The offensive realism whose most important champions were John J. Mearsheimer, Stephen Walt, Farid Zakaria emerged as a reaction to defensive realism, criticizing it for its fundamental premise that the state, in the context of international chaos, was only concerned with its own security. It posits that on the contrary, chaos always force countries to maximize and increase power, so they believe in the increasing probability of war between states whenever some of them have the ability to easily invade another state and consequently, the case of absolute chaos persists. However, what distinguishes this proposition from Waltz’s realism is that it does not recognize that the interpretation of foreign policy and international outputs of different countries are based on the idea of chaos. This is rejected by offensive realism as one factor and emphasizes that the focus on the foreign policy of the states must include internal and systemic variables and other effects of ad hoc and specific aspects of international policy, which can be explained by these variables (Walt, 1998).

However, there are many criticisms of defensive realism that led to the emergence of the offensive realism movement (which will be relied upon to interpret Turkish foreign policy toward northern Syria) and his assumptions are focused on the following (Wendt, 1995):

  • The main driver of state behavior is survival. The chaotic nature of the international system makes the goal of survival lead to aggression and expansion as an inevitable behavior of the state.
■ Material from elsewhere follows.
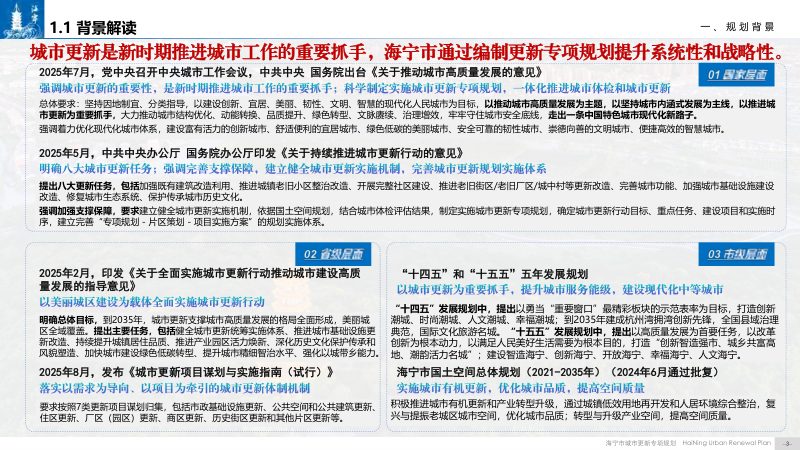 海宁市城市更新专项规划第3页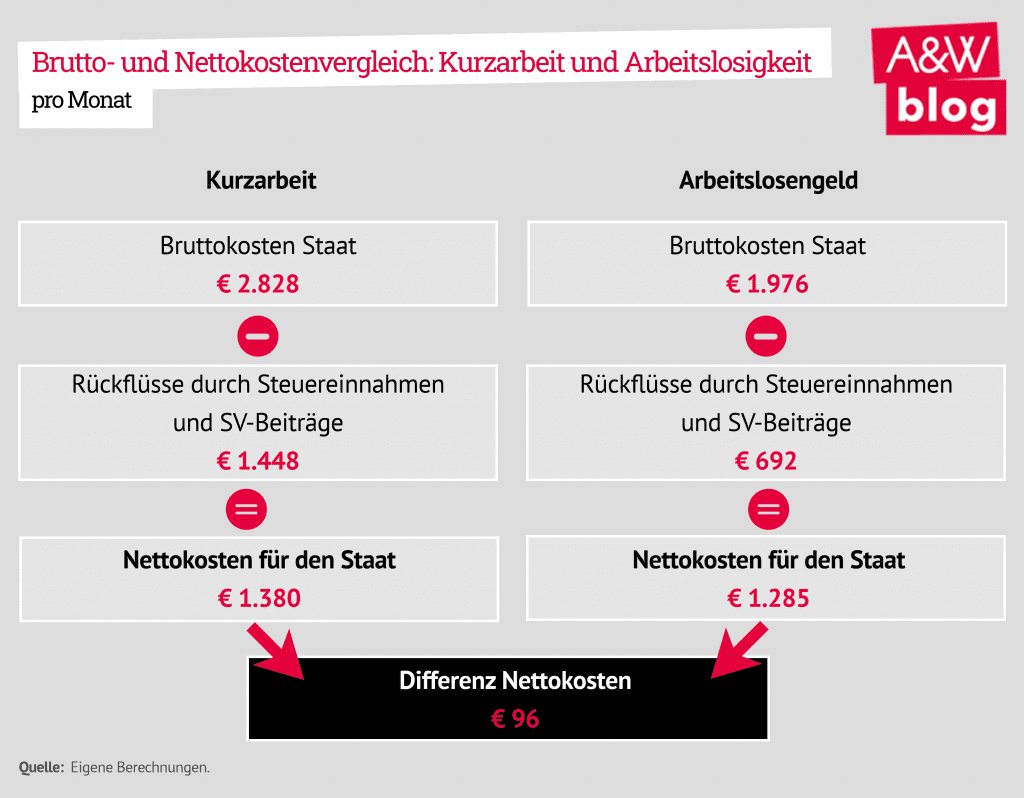 Dekoratives Bild © A&W Blog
  • Wars occur because of the states pursuit of security, and therefore war and expansion is the means to maintain security and remain in the chaotic environment, where “Mirchammer” believes that the ideal state of the security of a major country is its conquest of the whole world.

  • International relations are a zero-sum game, so conflict is inevitable between different countries.

  • The chaotic nature of the system pushes countries to continually maximize their capabilities and maximize their relative influence to maintain their advanced position among nations.

  • It is the relative capabilities of the state that shape its external behavior and not its awareness of the opponent’s intentions. Therefore, the countries behave aggressively, not motivated by their sense of threat, but rather as a result of the awareness of their leaders with their increasing strength.

  • There is a relationship between the internal influences and the external policy of states. Material capabilities determine the behavior of the state. The more the state grows, the more it seeks to expand, which places it in a state of constant hostility with the rest of the countries. Therefore, there is a direct relationship between the material state’s strength and external orientation (Donnelly, 2005, pp. 41-42).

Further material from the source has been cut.